How we cite our quotes: Citations follow this format: (Story Title.Paragraph)
Quote #1
This book is lovingly dedicated to the men of Alpha Company, and in particular to Jimmy Cross… and Kiowa. (Dedication)
Okay, so this is the dedication, and not necessarily something that we would normally analyze. But having read the book, you know that every single one of the men he dedicates the book to is fictional. The dedication tricks us into thinking that they're real.
Maybe he really meant to dedicate the book to all the Rat Kileys and Jimmy Crosses and Kiowas of the world. While we think that's probably part of it, we also think that believing the characters are real makes readers love them more. (How are you not going to adore a real soldier named Rat who reads comic books? Come on!)
Loving the characters as if they're real makes it harder to detach from them intellectually once you know that they aren't. O'Brien loves mixing things together.
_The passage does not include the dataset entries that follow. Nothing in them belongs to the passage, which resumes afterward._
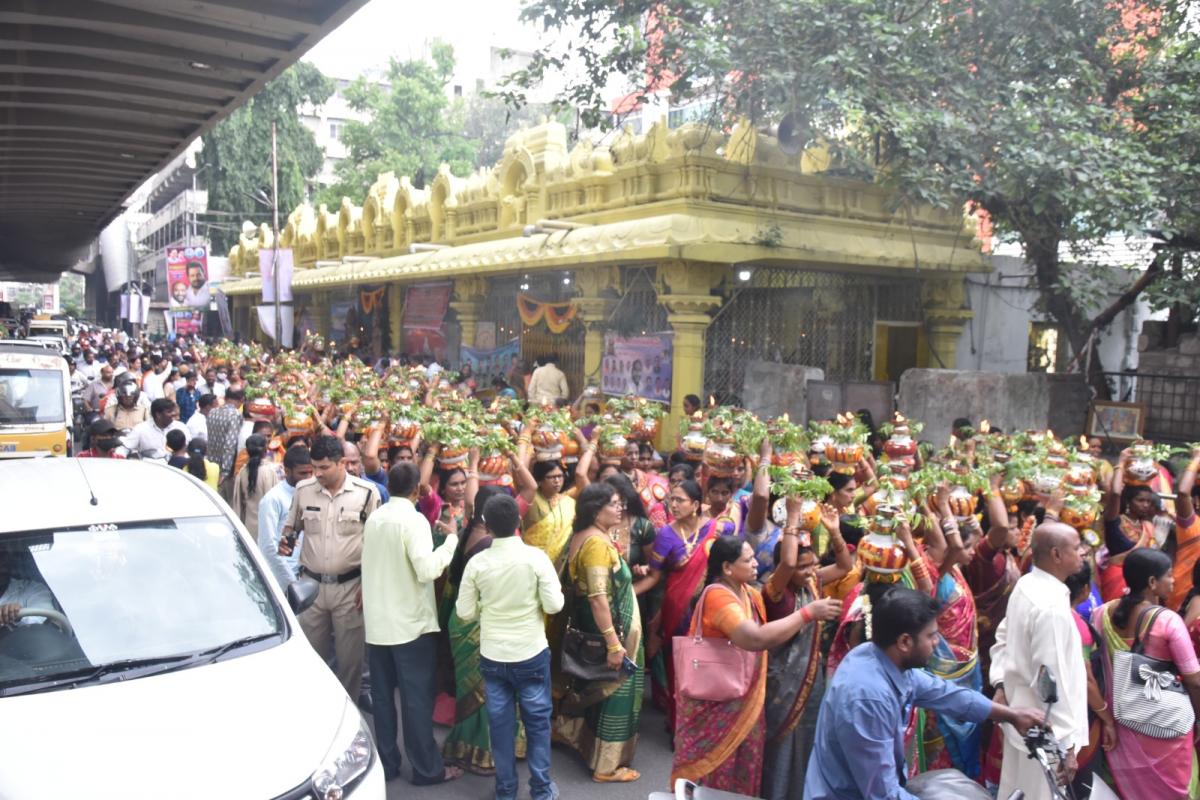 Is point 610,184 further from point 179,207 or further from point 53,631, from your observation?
point 179,207

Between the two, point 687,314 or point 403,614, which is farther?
point 687,314

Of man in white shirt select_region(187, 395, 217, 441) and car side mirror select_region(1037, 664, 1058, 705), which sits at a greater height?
man in white shirt select_region(187, 395, 217, 441)

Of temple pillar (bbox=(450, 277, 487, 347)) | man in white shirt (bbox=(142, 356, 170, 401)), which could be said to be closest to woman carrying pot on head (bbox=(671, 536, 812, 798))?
man in white shirt (bbox=(142, 356, 170, 401))

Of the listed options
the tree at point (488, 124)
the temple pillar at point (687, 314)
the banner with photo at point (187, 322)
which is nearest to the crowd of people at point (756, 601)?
the temple pillar at point (687, 314)

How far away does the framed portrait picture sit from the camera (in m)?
10.5

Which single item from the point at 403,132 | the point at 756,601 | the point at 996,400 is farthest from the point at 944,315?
the point at 403,132

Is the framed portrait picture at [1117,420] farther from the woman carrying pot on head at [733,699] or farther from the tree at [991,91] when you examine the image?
the woman carrying pot on head at [733,699]

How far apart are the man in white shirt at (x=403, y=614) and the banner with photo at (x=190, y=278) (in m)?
24.9

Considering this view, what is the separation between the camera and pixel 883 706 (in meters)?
3.04

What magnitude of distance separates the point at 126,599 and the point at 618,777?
9.08 feet

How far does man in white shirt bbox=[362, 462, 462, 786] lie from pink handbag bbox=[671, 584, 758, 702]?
1403mm

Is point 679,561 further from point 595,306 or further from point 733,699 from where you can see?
point 595,306

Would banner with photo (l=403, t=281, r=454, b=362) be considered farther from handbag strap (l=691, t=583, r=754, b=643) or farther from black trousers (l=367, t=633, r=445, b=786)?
handbag strap (l=691, t=583, r=754, b=643)

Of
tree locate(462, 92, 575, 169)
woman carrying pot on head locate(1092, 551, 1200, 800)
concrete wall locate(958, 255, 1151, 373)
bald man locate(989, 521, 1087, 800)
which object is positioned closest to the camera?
bald man locate(989, 521, 1087, 800)
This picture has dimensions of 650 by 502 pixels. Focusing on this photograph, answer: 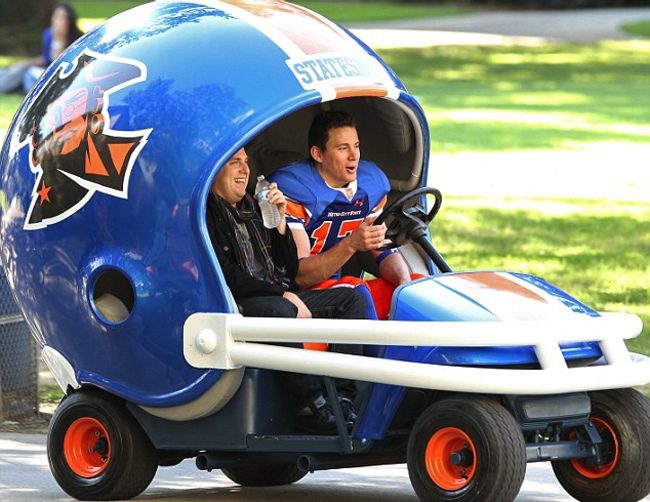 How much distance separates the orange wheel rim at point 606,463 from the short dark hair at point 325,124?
5.38 ft

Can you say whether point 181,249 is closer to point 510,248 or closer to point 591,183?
point 510,248

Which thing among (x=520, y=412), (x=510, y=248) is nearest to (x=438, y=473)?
(x=520, y=412)

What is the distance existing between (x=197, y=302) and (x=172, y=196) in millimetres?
413

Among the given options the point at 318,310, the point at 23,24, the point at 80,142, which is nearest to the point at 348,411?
the point at 318,310

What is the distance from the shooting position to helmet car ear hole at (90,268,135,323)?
6.73m

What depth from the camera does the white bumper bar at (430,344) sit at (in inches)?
230

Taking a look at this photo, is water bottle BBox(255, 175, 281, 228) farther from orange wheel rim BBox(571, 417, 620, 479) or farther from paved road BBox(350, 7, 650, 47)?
paved road BBox(350, 7, 650, 47)

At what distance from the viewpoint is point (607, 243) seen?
15086mm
He wants us to feel how confusing reality seems in war, and this is a crucial part of that.
Quote #2
This is true. (How to Tell a True War Story.1)
If the main character in a book has the same name as the author, and the book itself is based on a general experience that we know the author had, we instinctively assume that the book is true. In this quote, O'Brien is taking that assumption and making it explicit. Of course, almost nothing in the book is true—except that it totally, totally is, according to O'Brien's definition of truth.
Quote #3
If you don't care for obscenity, you don't care for the truth; if you don't care for the truth, watch how you vote. Send guys to war, they come home talking dirty. (How to Tell a True War Story.9)
This is one of the only political statements in the book, and it's telling that it's about the truth. The soldiers who go to war come home knowing truths that civilians cannot know and that, for the most part, they don't want to hear. Here, O'Brien is saying that the truth can't be clean, or easy to hear.